A Certificate of Deposit earns interest by compounding — meaning your earned interest is added to your balance and begins earning interest itself. The frequency of this compounding (daily, monthly, or quarterly) slightly affects your total return, with more frequent compounding producing slightly higher yields.

Understanding APY vs APR for CDs

Banks advertise CDs using APY (Annual Percentage Yield), which already accounts for compounding. The underlying APR (Annual Percentage Rate) is lower because it doesn't include the compounding effect. This calculator derives the APR from the advertised APY and your chosen compounding frequency, so you can see both numbers and understand the true simple rate being applied.

CD Laddering Strategy

Instead of putting all your savings into a single CD, consider building a CD ladder. Split your money across multiple CDs with staggered terms — for example, 3-month, 6-month, 9-month, and 12-month CDs. As each matures, reinvest into a new longer-term CD. This gives you regular access to portions of your money while still earning competitive rates on the rest.

Tax Considerations

CD interest is taxed as ordinary income in the year it is earned, even if you don't withdraw it until maturity. For multi-year CDs, you'll owe taxes on accrued interest annually. Consider holding CDs in a tax-advantaged account like an IRA if you want to defer taxes. Always factor in your tax bracket when comparing CD returns to other investment options.

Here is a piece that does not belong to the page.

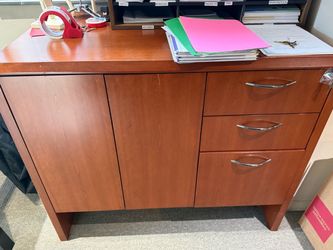 Cherry Wood Office Storage Cabinet with Drawers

Frequently Asked Questions

What is a CD (Certificate of Deposit)?

A CD is a savings product offered by banks and credit unions that pays a fixed interest rate for a specified term. You deposit a lump sum and agree not to withdraw it until the term ends. In exchange, you typically earn a higher rate than a regular savings account. Early withdrawal usually incurs a penalty.

What is the difference between APY and APR?

APR (Annual Percentage Rate) is the simple interest rate without compounding. APY (Annual Percentage Yield) accounts for compounding and reflects the actual amount you'll earn in a year. For CDs, APY is always equal to or higher than APR. The more frequently interest compounds, the bigger the gap between APR and APY.

How does compounding frequency affect CD returns?

More frequent compounding earns you slightly more interest. Daily compounding earns more than monthly, which earns more than quarterly. However, the differences are small — on a $10,000, 12-month CD at 5%, daily compounding yields about $5 more than quarterly compounding.

Are CDs a good investment right now?

CDs are a good choice when interest rates are high and you have money you won't need for a set period. They offer FDIC insurance up to $250,000 and guaranteed returns. However, your money is locked up, and if rates rise during your term, you miss out. Consider a CD ladder strategy to balance access and rates.